Israel and Syria have both told a conference in Paris that they want to use nuclear power to generate electricity. The revelations came on the same day that IAEA director general called for greater access to nuclear power.
Israeli infrastructure minister Uzi Landau, told conference delegates that his country wanted to build new nuclear plants to reduce its dependence on coal.
“Naturally, all nuclear power reactors to be built in Israel will be subject to international safeguards as well as appropriate physical protection measures,” he said.
Lanadu also revealed that Israel has kept a site at Shivta the northern Negev desert for construction of a nuclear power plant.
Syria’s deputy foreign minister Faysal Mekdad said: “The peaceful application of nuclear energy should not be monopolized by the few who own the technology, but it should be available equally for all countries.”
The announcements came on 8 March at the International Conference on Access to Civil Nuclear Energy, in Paris.
IAEA head Amano also addressed the conference, calling for greater access to nuclear power.

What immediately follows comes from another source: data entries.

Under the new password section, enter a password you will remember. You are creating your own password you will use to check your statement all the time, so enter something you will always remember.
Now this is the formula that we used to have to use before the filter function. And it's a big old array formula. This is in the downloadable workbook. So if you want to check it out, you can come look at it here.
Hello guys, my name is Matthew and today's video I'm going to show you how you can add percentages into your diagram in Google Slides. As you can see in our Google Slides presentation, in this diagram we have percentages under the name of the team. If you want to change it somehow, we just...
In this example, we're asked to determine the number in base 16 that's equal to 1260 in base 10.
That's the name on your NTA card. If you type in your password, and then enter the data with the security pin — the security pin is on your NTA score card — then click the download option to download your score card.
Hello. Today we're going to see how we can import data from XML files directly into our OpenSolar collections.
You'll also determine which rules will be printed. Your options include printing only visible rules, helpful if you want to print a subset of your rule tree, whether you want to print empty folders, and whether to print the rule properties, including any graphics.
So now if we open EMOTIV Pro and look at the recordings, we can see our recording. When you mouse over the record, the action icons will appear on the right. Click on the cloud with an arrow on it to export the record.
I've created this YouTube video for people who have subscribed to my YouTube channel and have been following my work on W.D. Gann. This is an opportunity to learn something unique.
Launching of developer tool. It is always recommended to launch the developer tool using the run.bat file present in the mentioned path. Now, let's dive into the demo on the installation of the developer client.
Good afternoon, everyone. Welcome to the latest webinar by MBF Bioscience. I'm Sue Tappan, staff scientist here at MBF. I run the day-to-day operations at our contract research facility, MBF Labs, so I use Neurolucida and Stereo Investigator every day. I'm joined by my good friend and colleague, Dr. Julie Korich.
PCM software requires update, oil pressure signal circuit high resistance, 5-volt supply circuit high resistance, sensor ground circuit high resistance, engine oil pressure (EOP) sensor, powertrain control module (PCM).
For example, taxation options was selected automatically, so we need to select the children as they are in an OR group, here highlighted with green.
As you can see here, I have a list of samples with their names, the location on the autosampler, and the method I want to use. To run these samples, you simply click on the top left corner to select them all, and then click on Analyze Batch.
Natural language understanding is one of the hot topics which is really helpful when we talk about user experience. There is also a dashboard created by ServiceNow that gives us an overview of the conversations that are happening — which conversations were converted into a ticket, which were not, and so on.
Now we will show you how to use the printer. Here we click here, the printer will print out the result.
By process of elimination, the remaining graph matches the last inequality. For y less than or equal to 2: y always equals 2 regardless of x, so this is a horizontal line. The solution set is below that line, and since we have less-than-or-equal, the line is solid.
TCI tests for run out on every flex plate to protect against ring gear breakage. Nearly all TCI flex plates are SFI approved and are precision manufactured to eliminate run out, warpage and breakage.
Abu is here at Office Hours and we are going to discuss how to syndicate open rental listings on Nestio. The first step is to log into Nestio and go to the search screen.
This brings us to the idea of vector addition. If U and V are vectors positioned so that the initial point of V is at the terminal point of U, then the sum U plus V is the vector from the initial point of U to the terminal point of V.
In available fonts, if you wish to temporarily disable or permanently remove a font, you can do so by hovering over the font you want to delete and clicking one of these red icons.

He went on to outline the importance of international cooperation in ensuring that nuclear power can be introduced and used beneficially, responsibly and sustainably by developed and developing economies alike.
French president Nicolas Sarkozy, organizer of the event told the delegates: “France will be a steadfast defender of every country’s right to access nuclear energy for peaceful purposes.”
He also called for financial institutions and development banks to make a “wholehearted commitment” to finance civil nuclear energy projects and proposed that carbon credits be introduced to finance all forms of decarbonised energy after 2013.